🔍 What is RAG?

Retrieval-Augmented Generation (RAG) is a technique that enhances the capabilities of Large Language Models (LLMs) by integrating external data sources. Instead of relying solely on pre-trained knowledge, RAG systems retrieve relevant information from external databases or documents to provide more accurate and context-aware responses.

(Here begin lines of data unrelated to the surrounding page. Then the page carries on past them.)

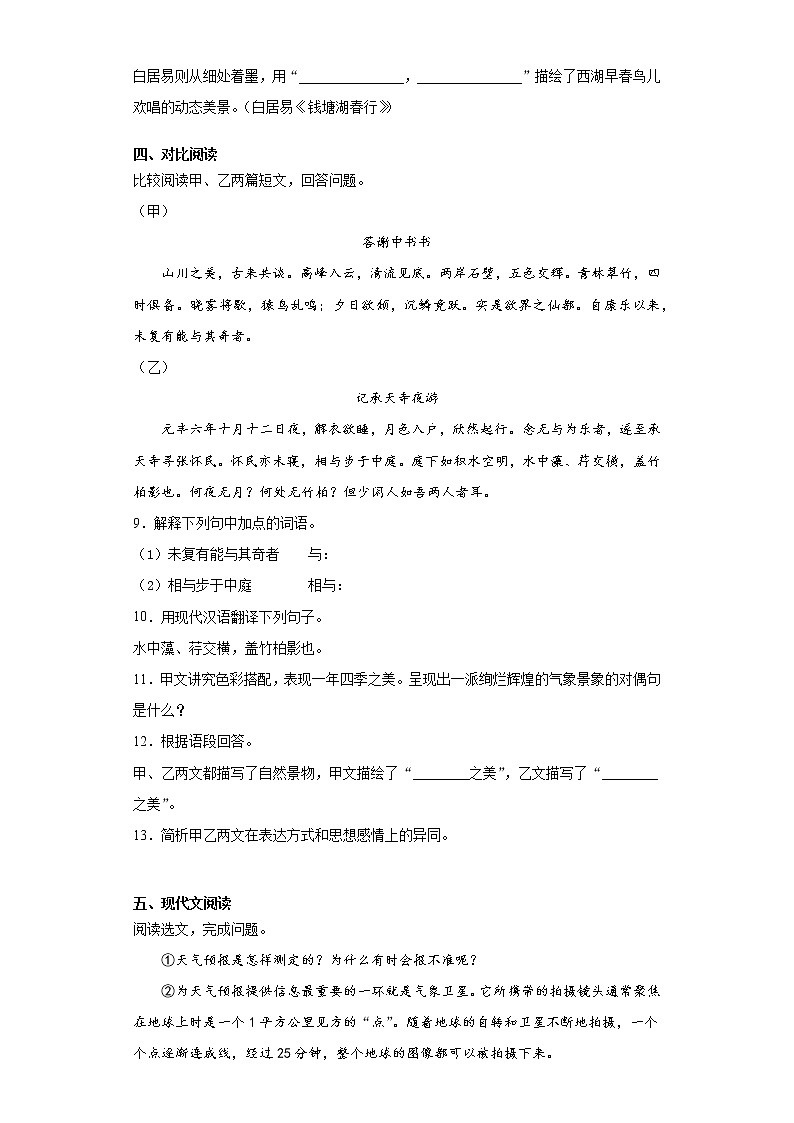 辽宁省鞍山市千山区2021-2022学年八年级上学期期中语文试题(word版 含答案)第3页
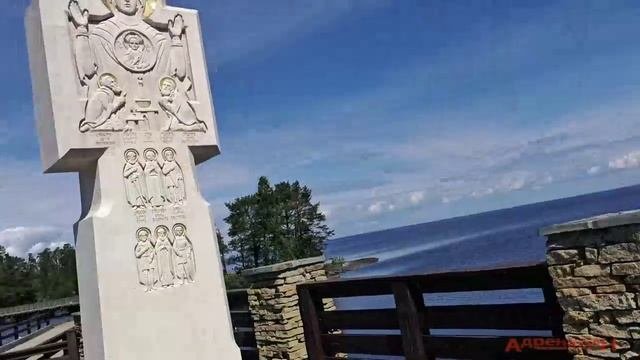 Валаам 2ч Производство, храм и подарок Путина...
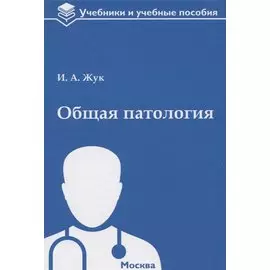 Общая патология: учебное пособие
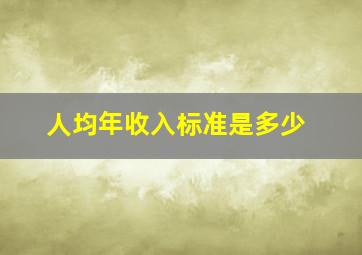 人均年收入标准是多少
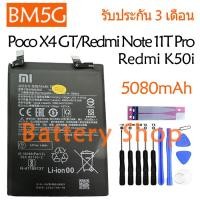 ราคา แบตเตอรี่ Xiaomi Poco X4 GT / Redmi Note 11T Pro /Redmi K50i battery BM5G 5080mAh รับประกัน 3 เดือน (22348472530)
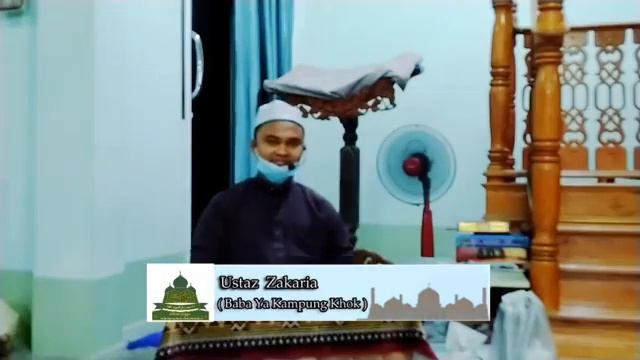 Majlis Ilmu Pengajian kitab رياض الصالحين 25/05/65 смотреть онлайн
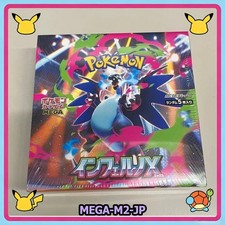 dragon ball super dawn of the z legends booster box Full Case 12X Dawn Of The Z-Legends Booster Box BT18 –  Dragonballcardgame.com
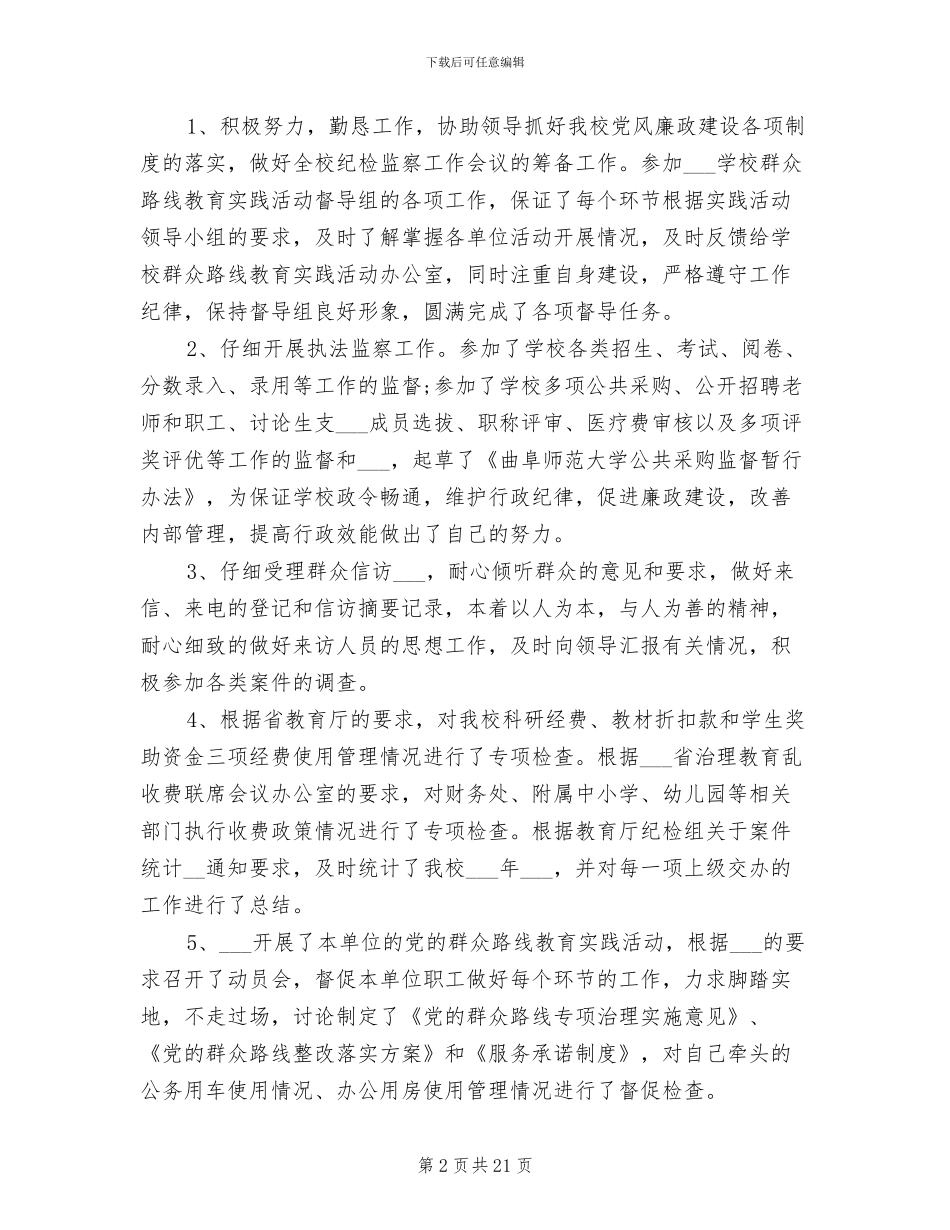 2024年纪委年度个人工作总结_第2页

I have already discussed RAG and comparison with Fine Tuning in my earlier article : RAG Simplified: Smarter AI with Real-World Knowledge

and RAG architecture at How to Build a RAG-Powered Chatbot Using JavaScript and LangChain

This article will dive deeper into code with github link.

🧰 Prerequisites

Before diving in, ensure you have the following:

Node.js installed on your machine.
API Keys for:
- OpenAI
- Pinecone

A PDF document you'd like to use for querying. I am using “Sukanya Samriddhi Account Scheme” which can be downloaded from here.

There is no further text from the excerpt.